First, why are we posting about something that happened on a car forum? We ourselves are quite shocked at how seriously the members of a car forum took identity. Also, not only did they take it seriously but this story clearly has some buzz throughout the entire Internet and it shows how close we are to a tipping point in online identity. People seem to not want to stand for scammers, spammers, and people misrepresenting themselves online even its just on a car forum. They clutter communities and lower the overall value of other member contributions because it becomes tougher to root out the good.
Another thing to note is that the members of the community were pretty vigilant in their approach to rooting this guy out. Unfortunately, it took roughly 3 days to do so and over 1000’s of posts, googling, researching, and detective work to find all of this out. What about for people who aren’t as online savvy as the member’s of that community? Why did it take three days to do so? Having a tool that allows people to know your true identity and at the same time maintain your privacy, would have stopped all of this nonsense before it even started. Although, admittedly it probably wouldn’t have been as interesting to watch.

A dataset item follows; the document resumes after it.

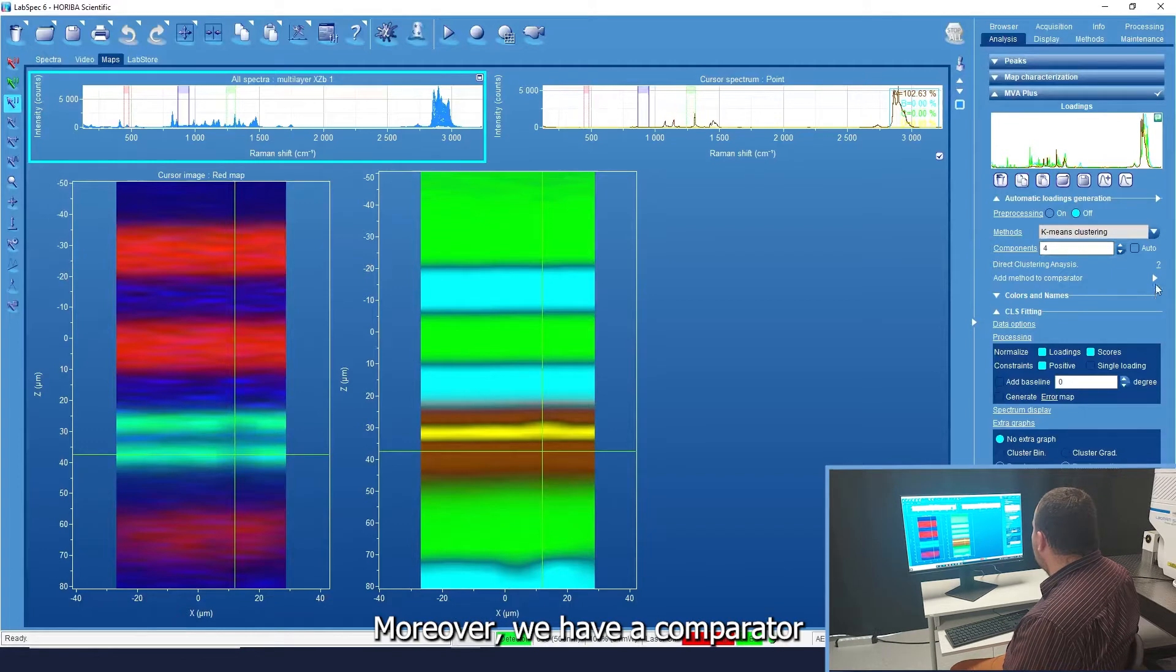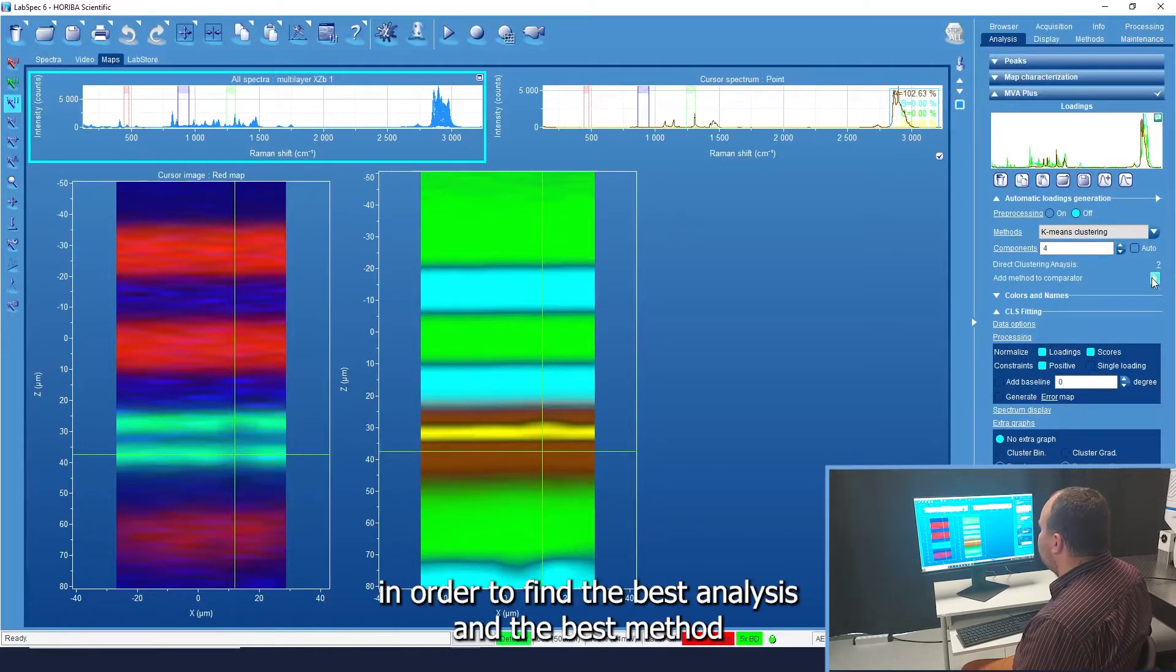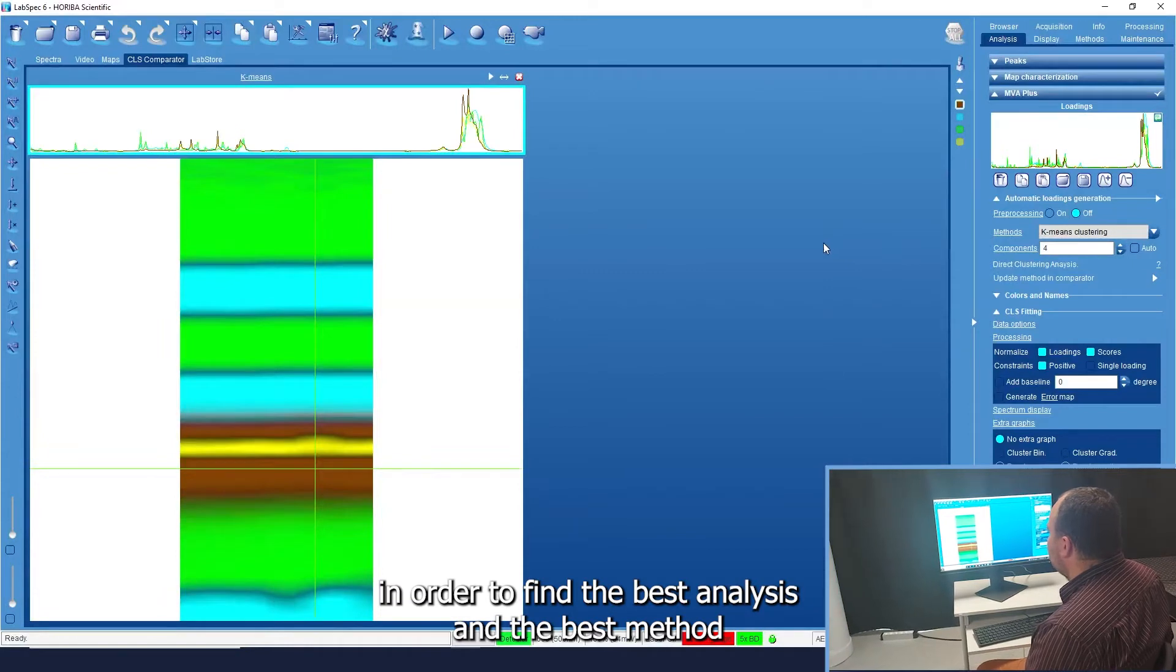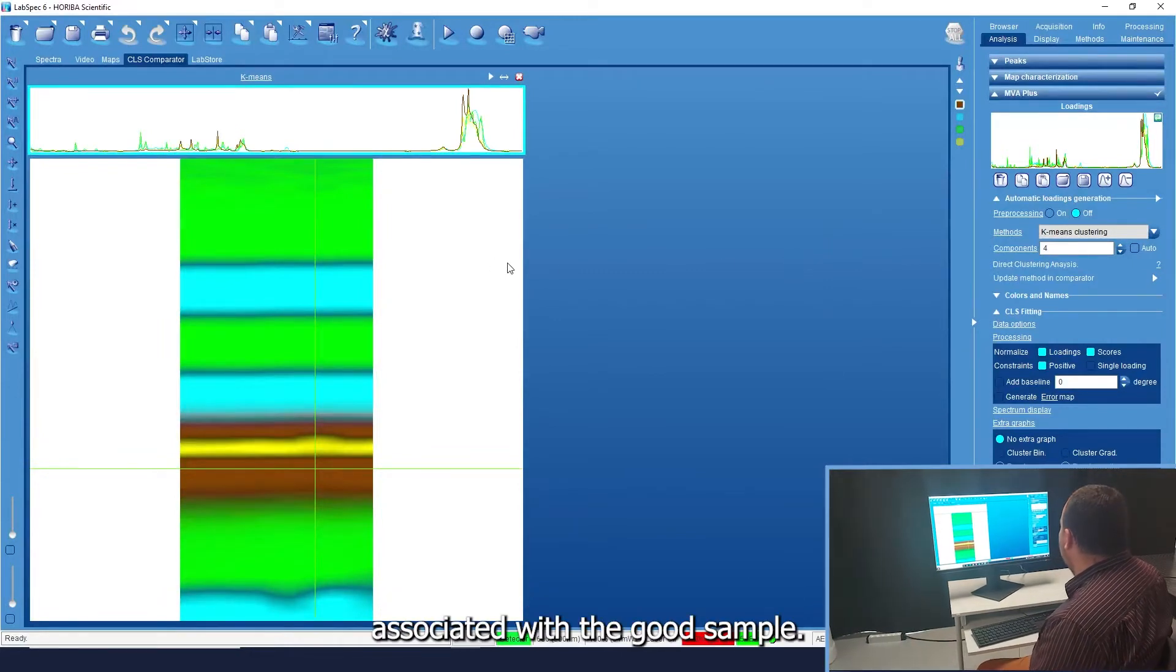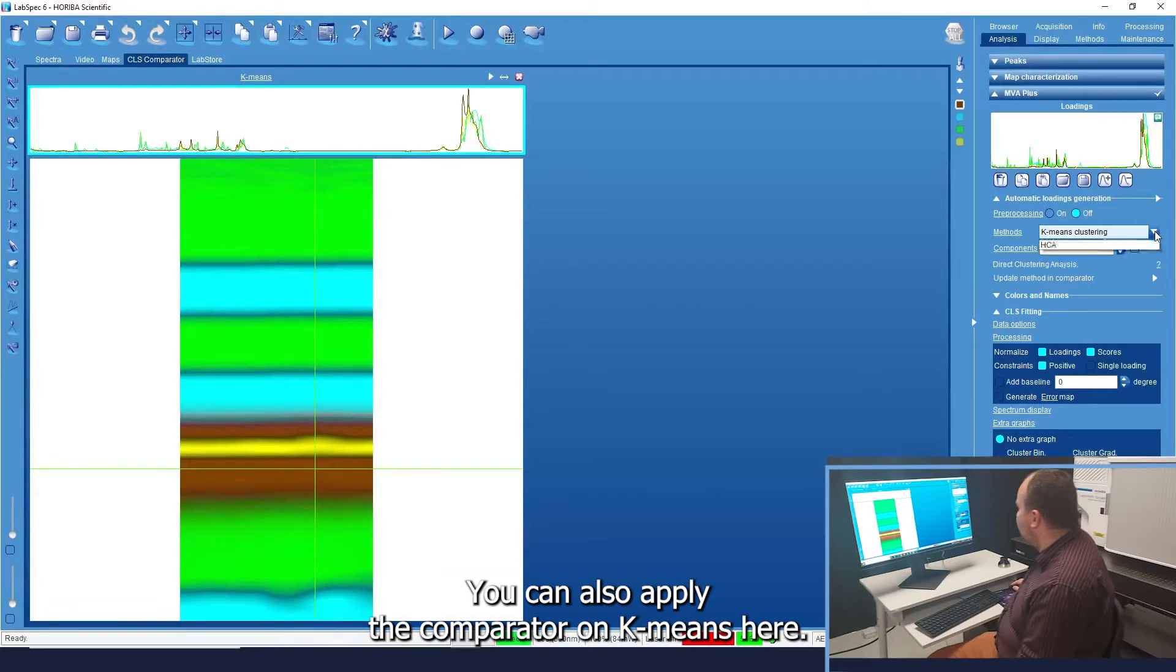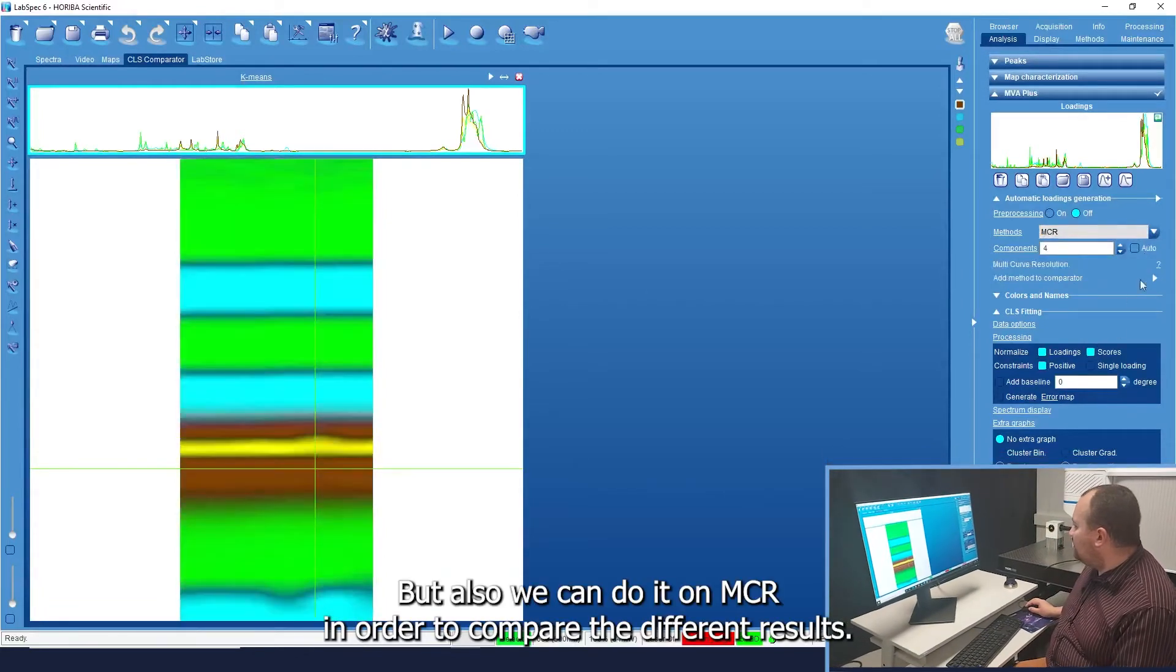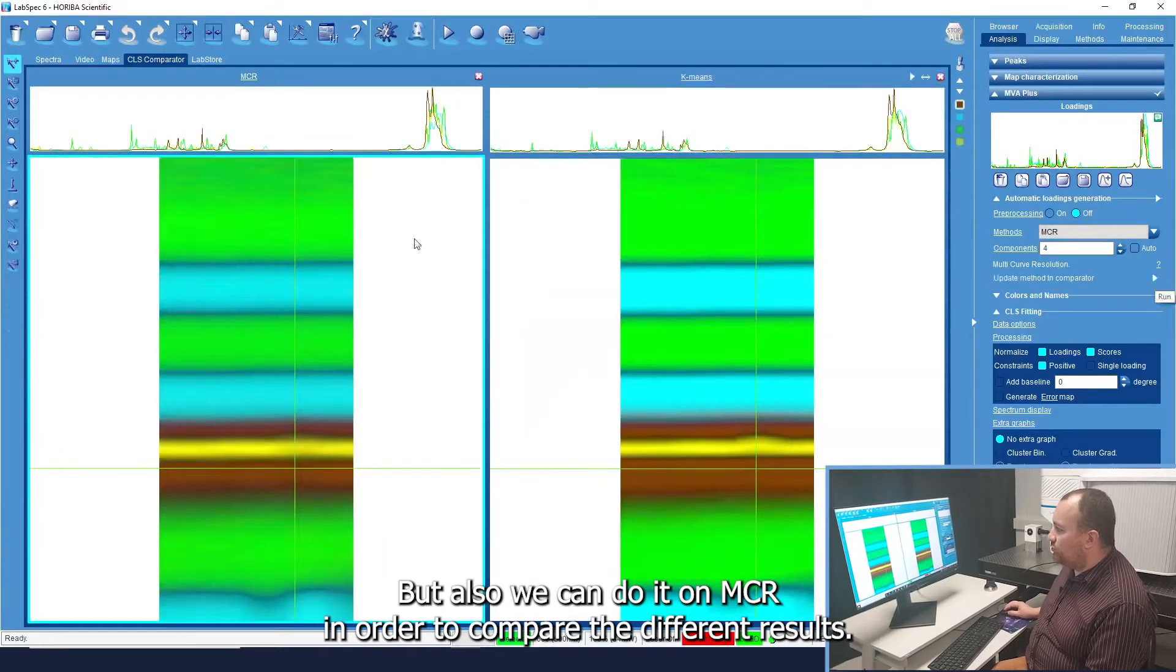Moreover, we have a comparator in order to find the best analysis and the best method associated to the sample. You can apply the comparator on K-Means here, but also we can do it on MCR in order to compare the different results.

BeenVerified was built for job seekers, freelancers, online daters, and people who have a monetary or higher level of interest in representing and proving who they are. However, stories like these encourage us that BeenVerified can be of use in communities and places that we never would have thought. We often tell ourselves that the internet isn’t ready for a service like ours and we need to focus on offering it to people who need it the most. Maybe we’re wrong, maybe a new day is here where THE PEOPLE in these communities and forums are starting to demand accountability for the actions, words, and claims made by their peers. Only three days into 2008; should be an interesting year!